[Saved data entries]
<<<<

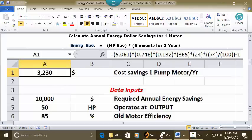Open parentheses, enter 5.061, then multiply by 0.746, multiply by 0.1320, then multiply by open parentheses 365 close parentheses, multiply by open parentheses 24 close parentheses, multiply by open parentheses 74 close parentheses, divide by open parentheses 100 close parentheses, minus 1. Press ENTER, and in A1 your answer is $3,230.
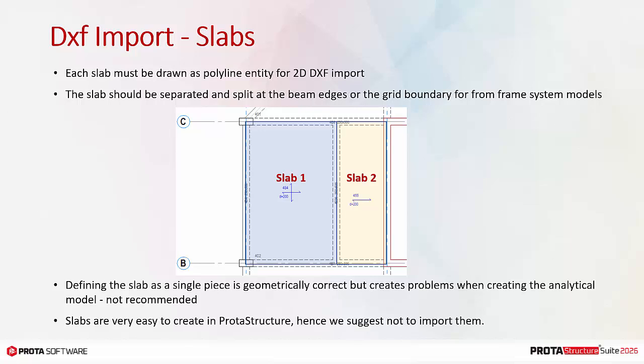Slabs are very easy to create in ProtoStructure. Hence, you may find it more productive to create slabs in ProtoStructure than to import them.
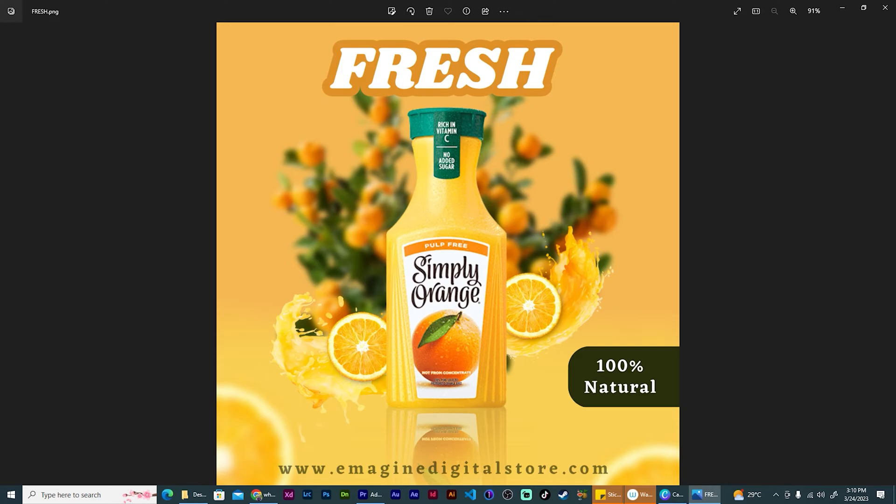Do you want to know how to make a post like this in Canva? Stick around and let me show you how.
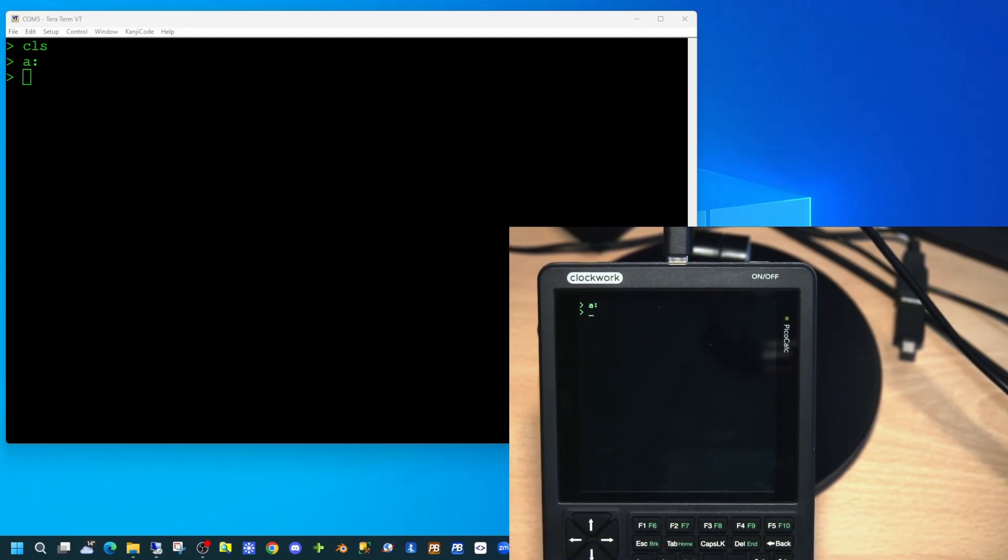The PicoCalc has an SD card and internal storage also. To access the internal storage, we merely have to type the letter A, then a colon, and then enter. This means all storage-related commands will now be directed to the internal storage.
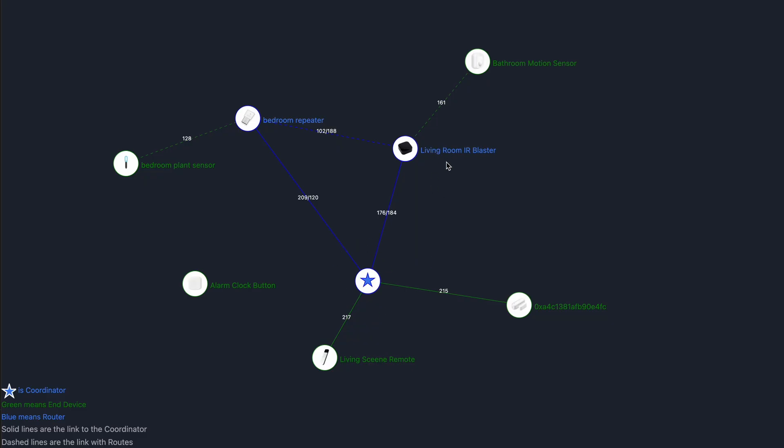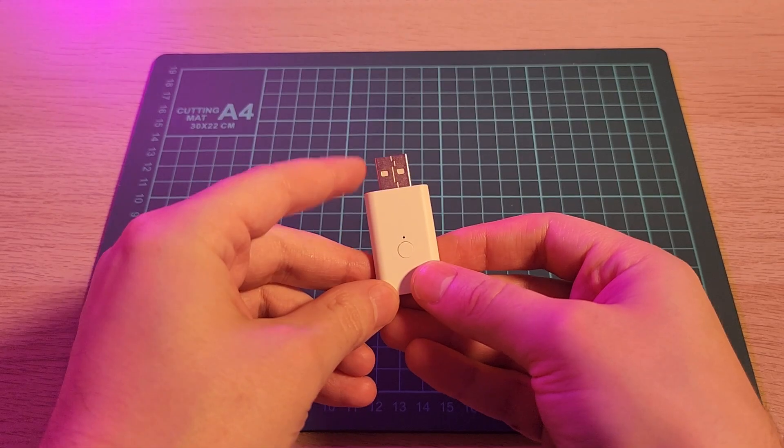We also have a living room IR blaster, which also acts as a router and it's connected to that too. So we have a bit of a mesh forming now. So the network is becoming more robust. That's pretty cool.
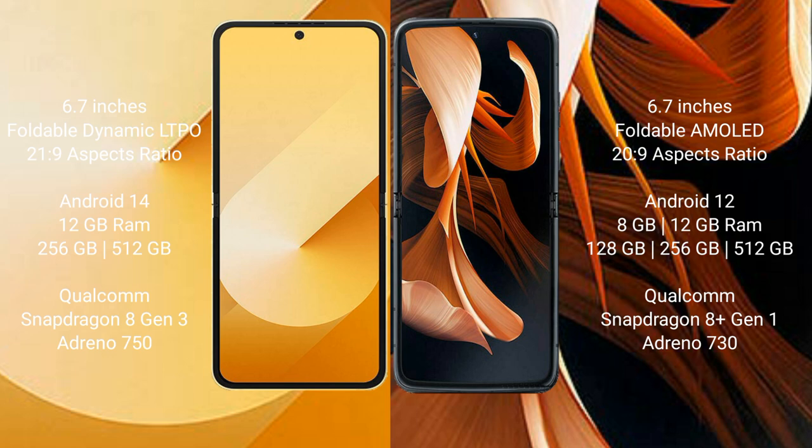Samsung Galaxy Z Flip 6 runs on the Android 14 operating system. Motorola Razr runs on the Android 13 operating system.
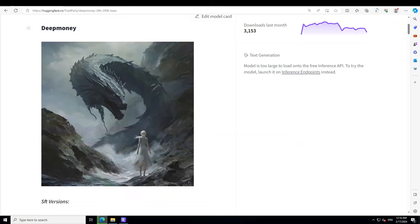As I said, the data which has been used for this model's training is of very high quality. The creator of this model selected a large number of research report data from 2019 to December 2023.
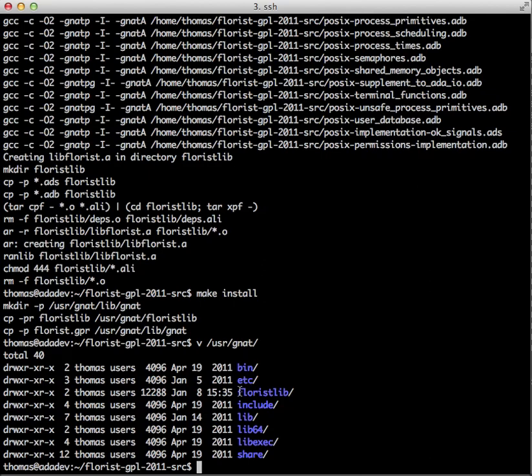And that's basically it. Hope to see you in part 3 where we'll be installing the XML Ada GPL 4.1 XML library. Thank you.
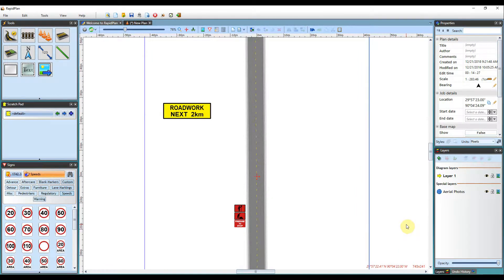Hi, Matt from Invarian here and welcome to the tutorial on using the Scratchpad in RapidPlan.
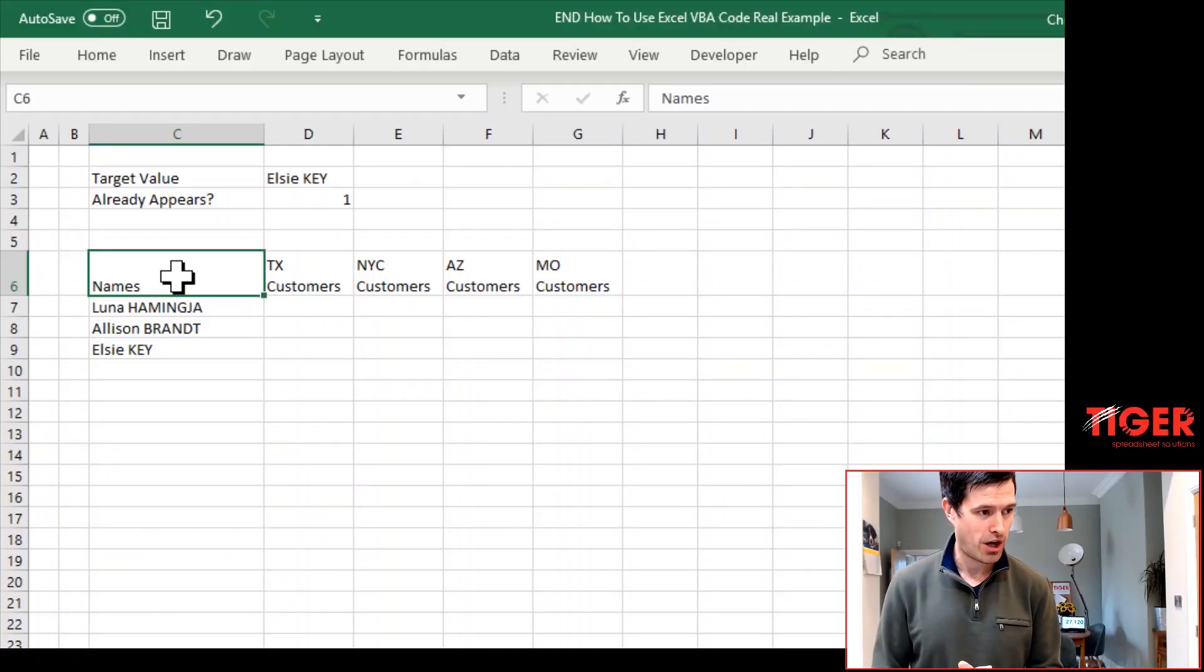Welcome to the fourth video in the Excel VBA Real Example Series. Things are getting exciting. I think we've got a mechanism in the code that's going to help us build this list of unique entries that's going to help us get Eric's task done.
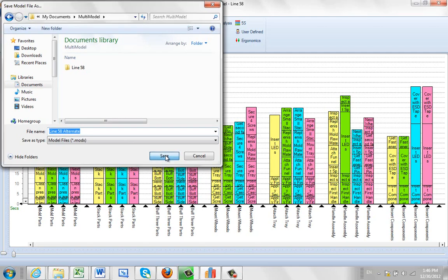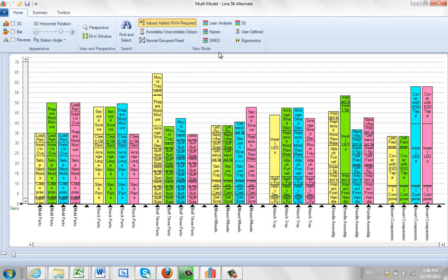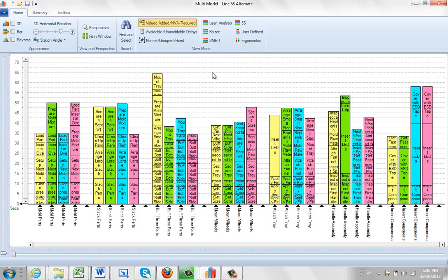Click on that and it will instantly create a line 58 alternate which I can then do all my edits to, keep the original line 58 intact, and give me the ability to make changes on this particular version of the process.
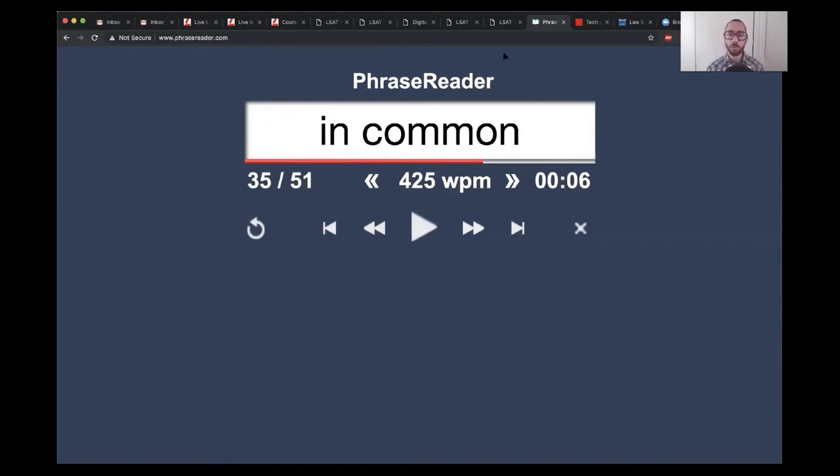I chose this article from The Economist at random — you could really choose anything else at all that you like. What's important is that it's on maybe an eighth grade reading level.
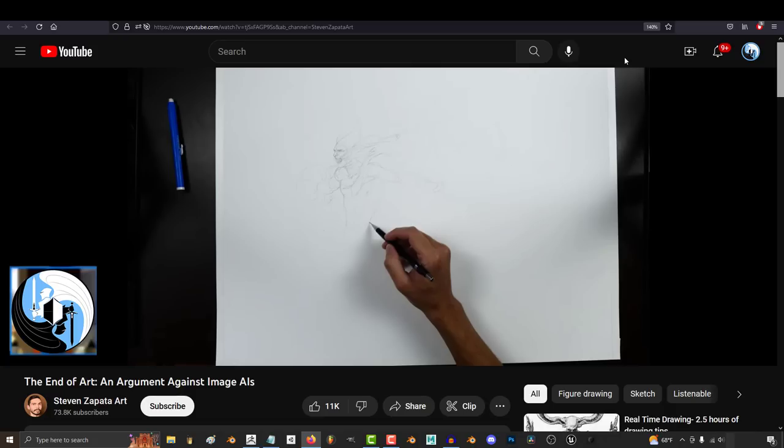Now, before we start, it's important to set some ground rules as to what art is. Now, people have argued about this definition for years, and it's probably going to continue to change as art evolves.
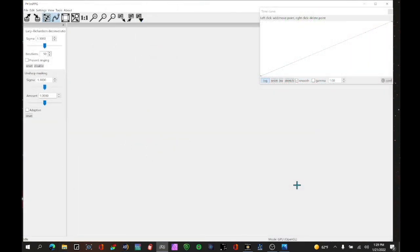The most popular sharpening program is Registax, which is free for Windows only with no Mac support. Registax is great for sharpening planetary images and it's okay for white light solar as well. But after comparing both bits of software on the same data, I get a better result with software called IMPPG. This is another free program for Windows. IMPPG uses a deconvolution filter as opposed to wavelet sharpening, and for the sun it tends to give better results.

>>>>

* What the exercise asks: Copy word for word only the lines above from the one with "The PicoCalc has" through the one with "Hi, Matt from". Leave pictures out.

* Exercise output:
The PicoCalc has an SD card and internal storage also. To access the internal storage, we merely have to type the letter A, then a colon, and then enter. This means all storage-related commands will now be directed to the internal storage.
We also have a living room IR blaster, which also acts as a router and it's connected to that too. So we have a bit of a mesh forming now. So the network is becoming more robust. That's pretty cool.
Samsung Galaxy Z Flip 6 runs on the Android 14 operating system. Motorola Razr runs on the Android 13 operating system.
As I said, the data which has been used for this model's training is of very high quality. The creator of this model selected a large number of research report data from 2019 to December 2023.
And that's basically it. Hope to see you in part 3 where we'll be installing the XML Ada GPL 4.1 XML library. Thank you.
Hi, Matt from Invarian here and welcome to the tutorial on using the Scratchpad in RapidPlan.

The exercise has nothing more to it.